• [TASK OBJECTIVE]
Reproduce the entries that follow exactly. No picture should appear in the result.
[ENTRIES PROVIDED Boundary: Start]
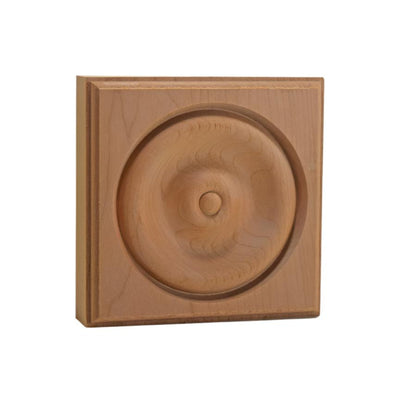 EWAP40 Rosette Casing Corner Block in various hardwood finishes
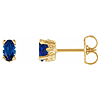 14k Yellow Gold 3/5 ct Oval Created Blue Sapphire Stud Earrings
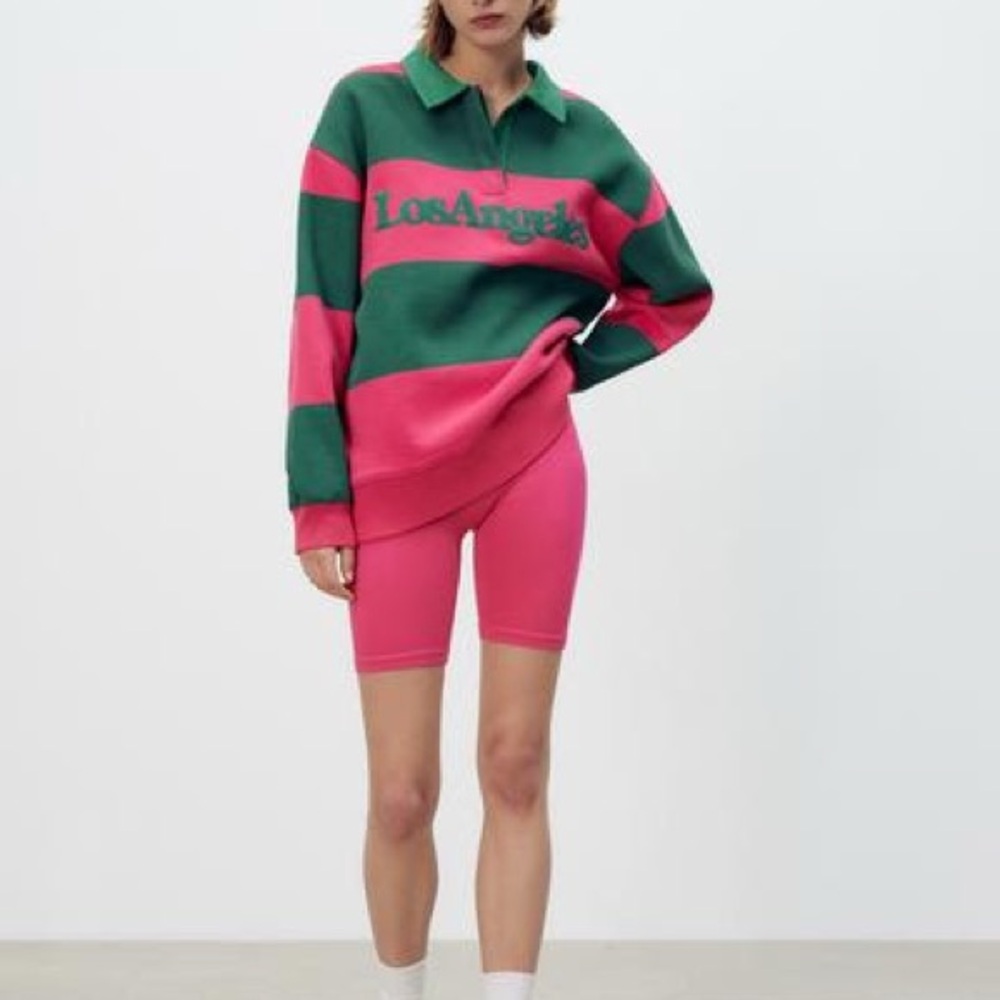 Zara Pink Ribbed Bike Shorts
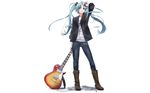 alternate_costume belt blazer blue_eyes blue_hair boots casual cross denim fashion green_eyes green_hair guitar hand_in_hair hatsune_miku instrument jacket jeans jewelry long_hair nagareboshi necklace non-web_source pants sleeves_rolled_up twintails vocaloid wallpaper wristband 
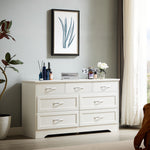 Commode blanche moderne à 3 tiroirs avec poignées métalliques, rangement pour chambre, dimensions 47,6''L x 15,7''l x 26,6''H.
[ENTRIES PROVIDED Boundary: End]
• [RESULT OF THIS EXERCISE]
 EWAP40 Rosette Casing Corner Block in various hardwood finishes
 14k Yellow Gold 3/5 ct Oval Created Blue Sapphire Stud Earrings
 Zara Pink Ribbed Bike Shorts
 alternate_costume belt blazer blue_eyes blue_hair boots casual cross denim fashion green_eyes green_hair guitar hand_in_hair hatsune_miku instrument jacket jeans jewelry long_hair nagareboshi necklace non-web_source pants sleeves_rolled_up twintails vocaloid wallpaper wristband 
 Commode blanche moderne à 3 tiroirs avec poignées métalliques, rangement pour chambre, dimensions 47,6''L x 15,7''l x 26,6''H.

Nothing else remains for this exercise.